*Problem statement*
Could you write out, exactly and with no pictures, every line from the one containing "Black and white" through the last line of the entries?

*Materials provided*
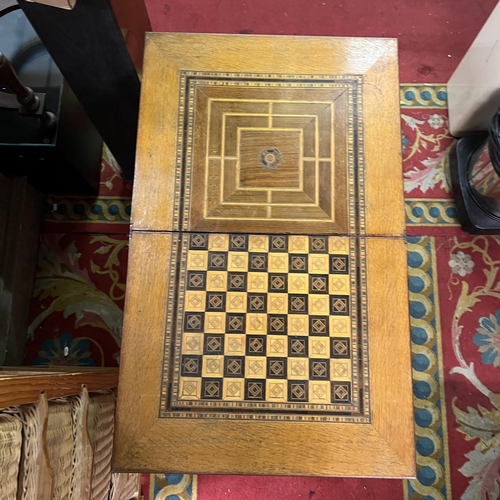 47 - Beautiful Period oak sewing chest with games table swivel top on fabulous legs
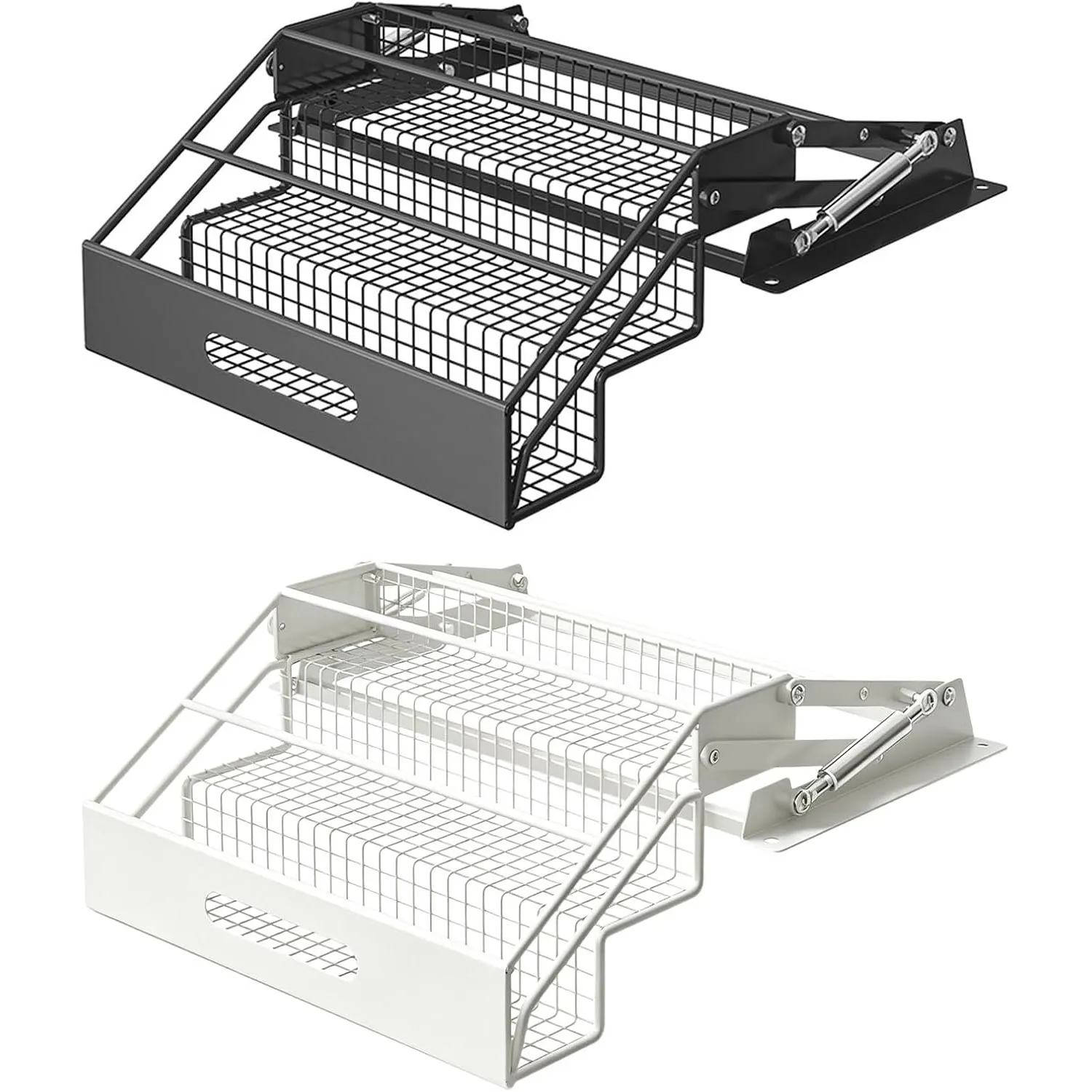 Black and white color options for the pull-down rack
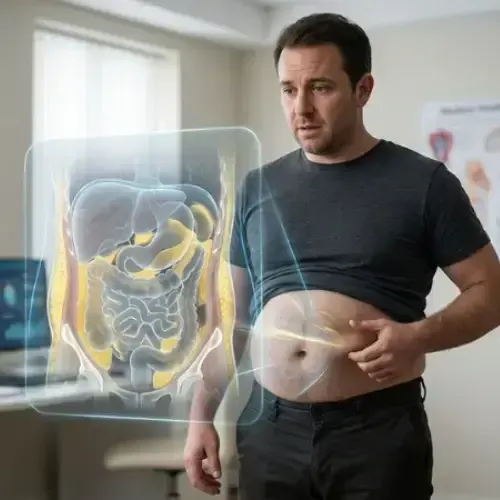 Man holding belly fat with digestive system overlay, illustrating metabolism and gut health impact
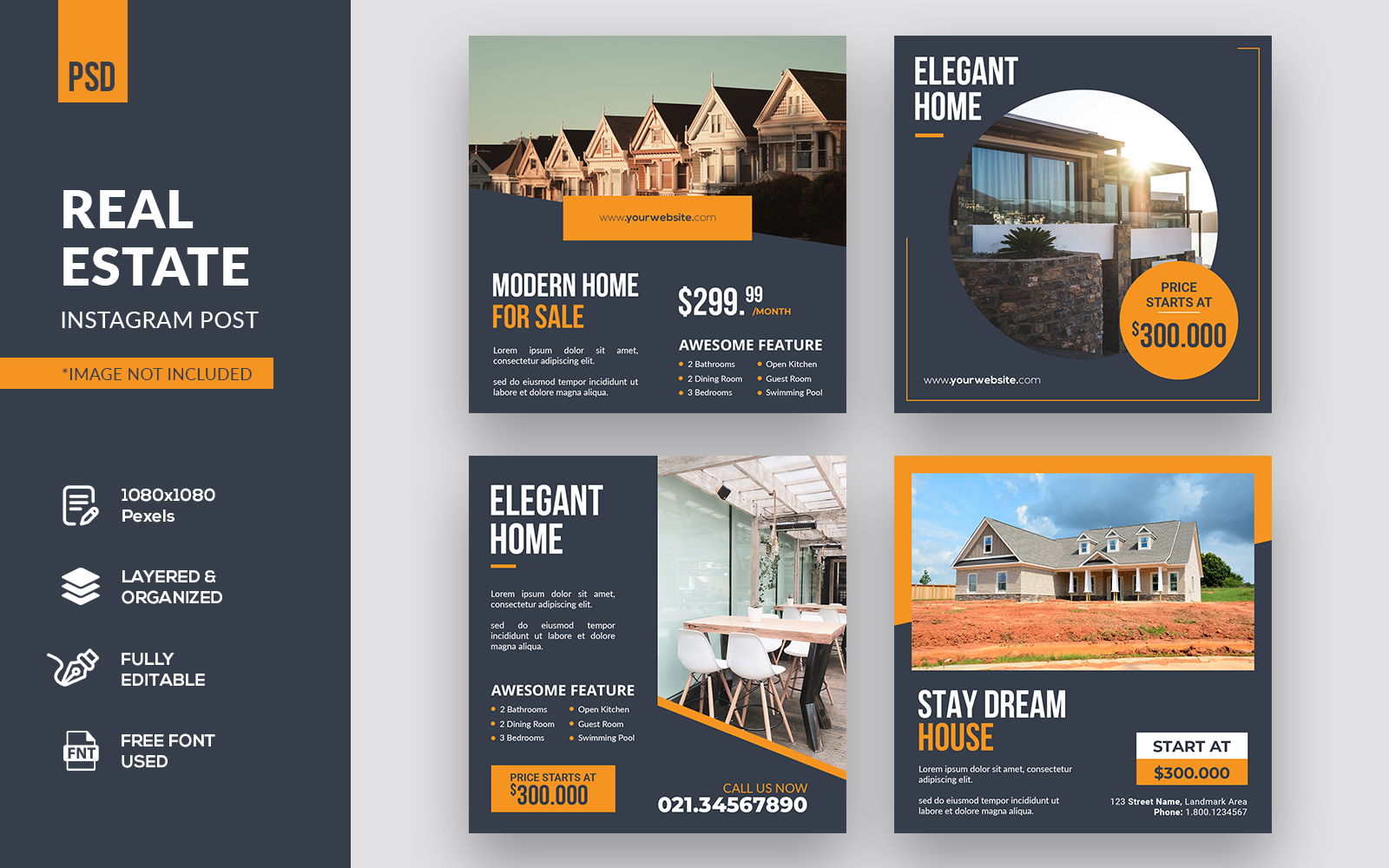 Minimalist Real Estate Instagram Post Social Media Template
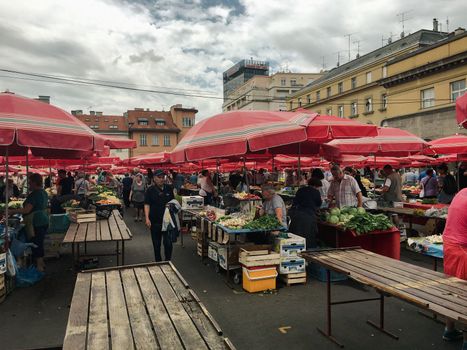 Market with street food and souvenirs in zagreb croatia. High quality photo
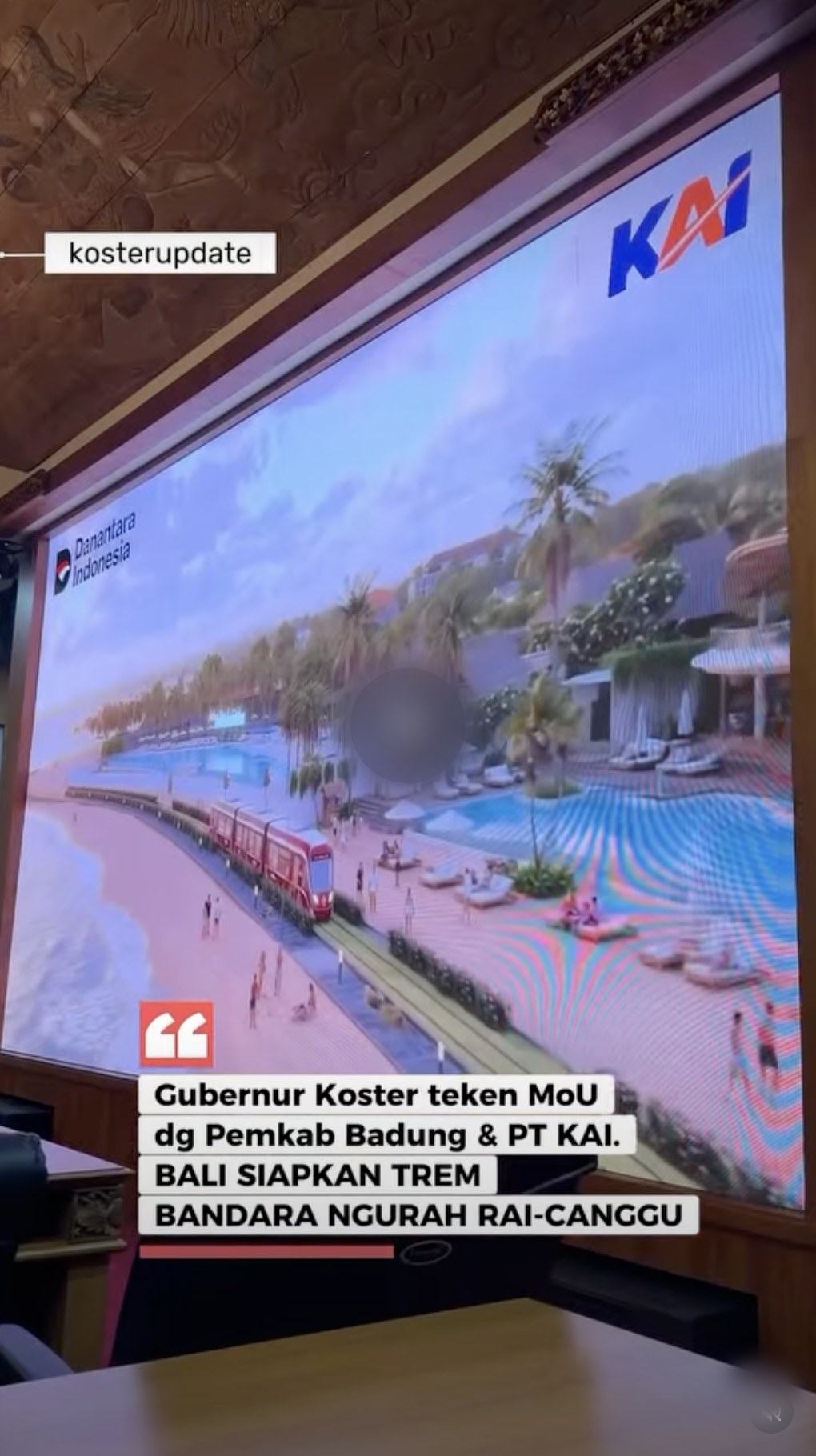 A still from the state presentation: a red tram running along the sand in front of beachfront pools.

*Task answer*
 Black and white color options for the pull-down rack
 Man holding belly fat with digestive system overlay, illustrating metabolism and gut health impact
 Minimalist Real Estate Instagram Post Social Media Template
 Market with street food and souvenirs in zagreb croatia. High quality photo
 A still from the state presentation: a red tram running along the sand in front of beachfront pools.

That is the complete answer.